Even if you are a seasoned syslog-ng user, there is a good chance that you will learn something new from this introductory tutorial series: the “if” statement, in-line configuration elements, the inlist() filter or the JSON template function, just to name a few.

If you have roughly 1.5 hours, then I recommend going through all the videos from the beginning to the end. You can reach the play list on YouTube at:

If you would rather pick only a few topics from the tutorial series, here is a table of contents, with short summaries, pointers to the blog and video versions and the related parts from the documentation. Unfortunately, the documentation for the latest version is not available yet, pointers are included to the web version of the syslog-ng version 3.37 documentation.

Of course, once you read/watched my syslog-ng tutorials, reading the blogs and relevant parts of the documentation is still highly recommended.


The introduction gives you an overview of the tutorial series and defines what syslog-ng is.

Basic concepts

In this part, we cover some of the basic concepts behind syslog-ng. We talk about why central log collection is important, and then discuss the four major roles of syslog-ng: log collection, processing, filtering and finally storage. We conclude this part with a short introduction to various message formats.

Syslog-ng editions, and where to get them from

In this part we cover the various syslog-ng editions (open source, commercial and appliance), and where to get them from. The focus of this tutorial series is the Open Source Edition (OSE), but to avoid confusion, I also briefly introduce the other two.

Configuration and testing

This is the first practical part of the tutorial series. It introduces you to the syslog-ng configuration, shows you how to stop and start syslog-ng, and how to send a test message.


In this part we learn about syslog-ng source definitions and how to check the syslog-ng version and its enabled features. The tutorial shows you the source syntax and lists some of the more popular source drivers. The documentation lists all the sources and all their parameters.

Destinations and log path

In this part we learn about syslog-ng destinations and the log path. At the end of the session, we will also perform a quick syntax check. As usual, the tutorial shows you the destination and log path syntax and lists some of the more popular destination drivers. The documentation lists all the destinations and all their parameters.

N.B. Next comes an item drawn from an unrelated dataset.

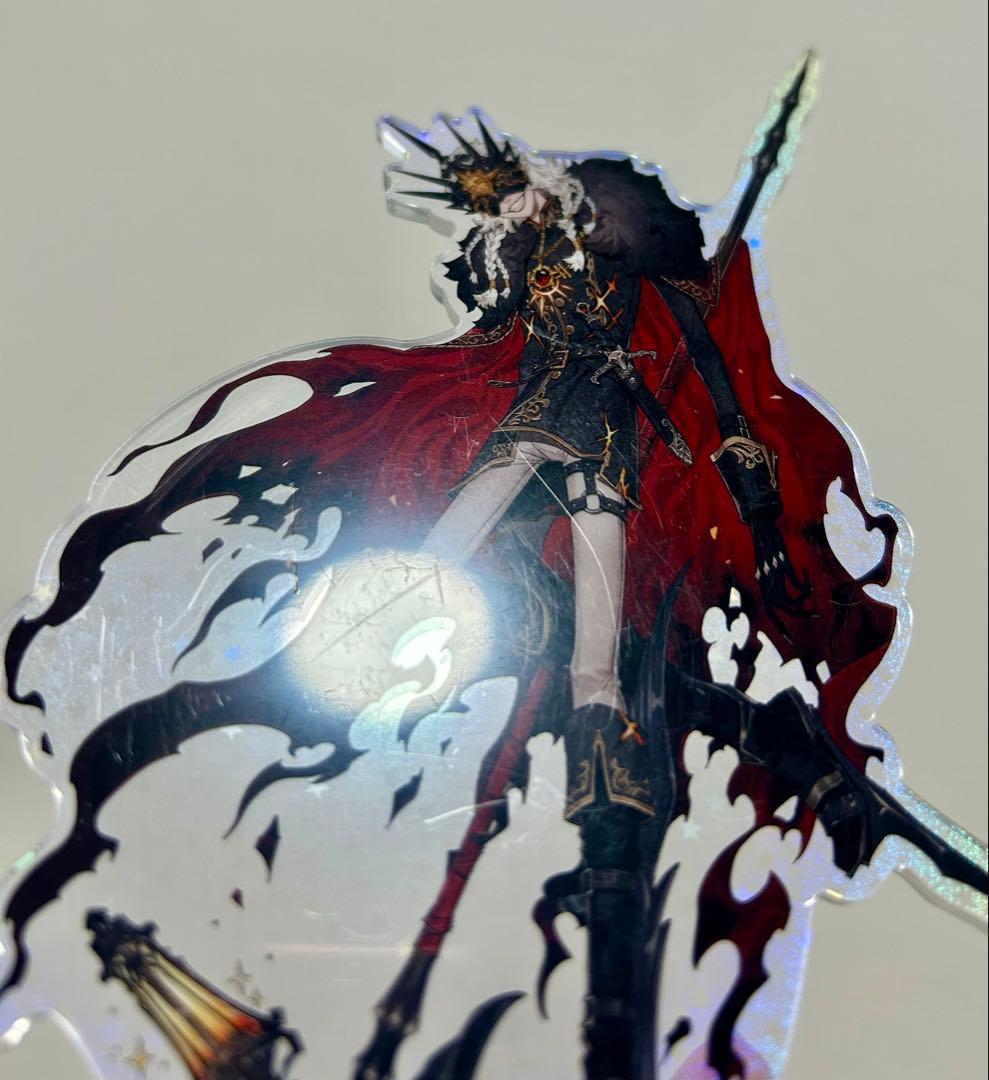 第五人格 夜の番人 アクスタ - メルカリ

The part about the log path also includes many concepts that we only talk about in later parts of the tutorial.


In this part we learn about syslog-ng network logging, and why relays are important in a logging infrastructure. At the end of the session, we will send test messages to a syslog-ng network source.

Macros and templates

In this part we learn about syslog-ng macros and templates. At the end of the session, we will know how to do a simple log rotation using macros.

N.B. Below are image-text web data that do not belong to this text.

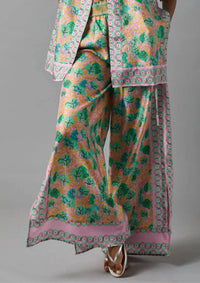 Hope For Flowers - Pull-on Pant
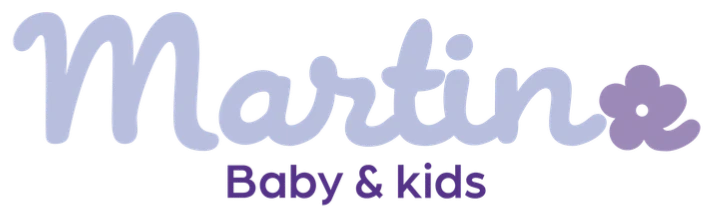 Logo de Martina Baby & Kids
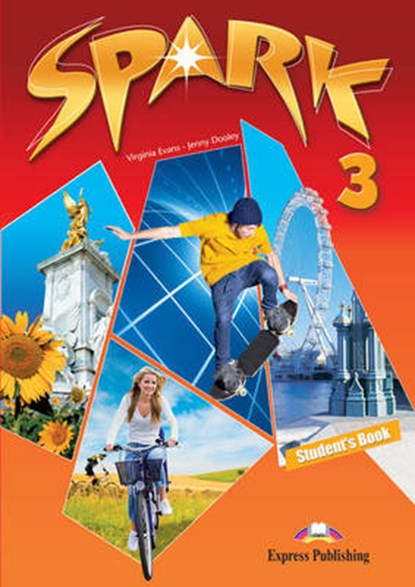 Spark, EVANS,  Virginia - Paperback - 9781849747608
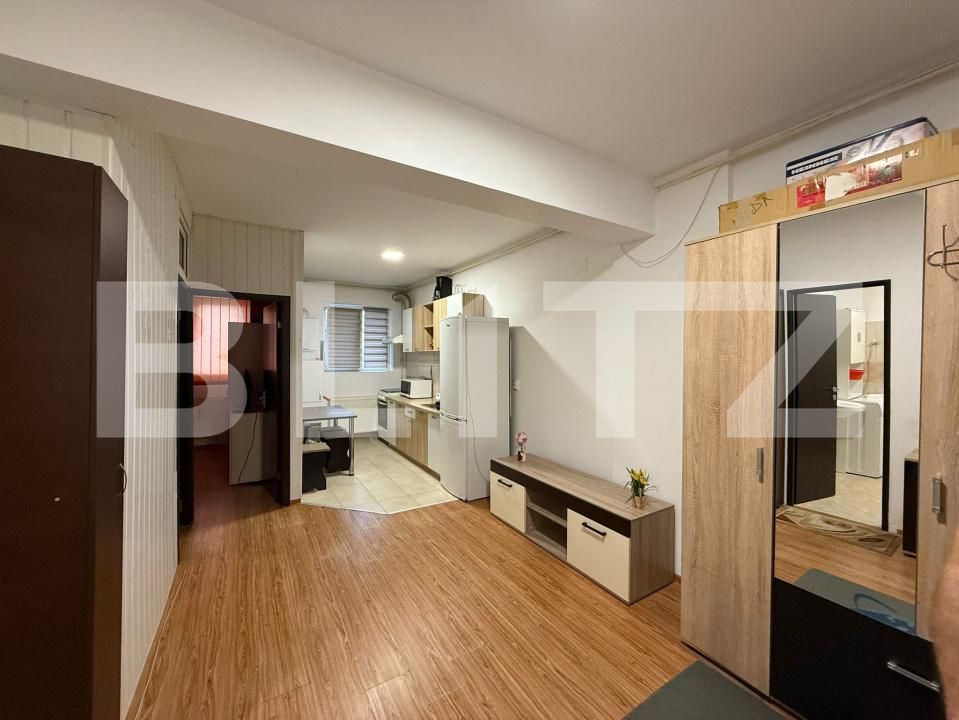 Apartament de închiriat 3 camere Floreşti - 188828AI | BLITZ Cluj-Napoca | Poza6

In this part we learn about syslog-ng filters. At the end of the session, we will see a more complex filter using an “if” statement and a template function.


In this part we learn about message parsing using syslog-ng. We only scratch the surface, so reading the documentation is recommended, especially if you want to try PatternDB.

Enriching log messages

In this part we learn about enriching log messages. Enriching in this case means that you can create additional name-value pairs based on message content. There are several ways how you can enrich log messages using syslog-ng.

Elasticsearch (and Opensearch, Zinc, Humio, etc.)

In this part we learn about how to send log messages to Elasticsearch. Note that while I keep referring to the driver as “Elasticsearch destination”, you can use it with several other software utilizing the Elasticsearch API, such as Opensearch, Zinc, Humio and probably more. This part shows you not only how to send log messages to Elasticsearch, but also combines many of the previously learned syslog-ng features into a single configuration.

Updating syslog-ng, syslog-ng 4

In this part we learn about updating syslog-ng, and some of the new features of syslog-ng 4.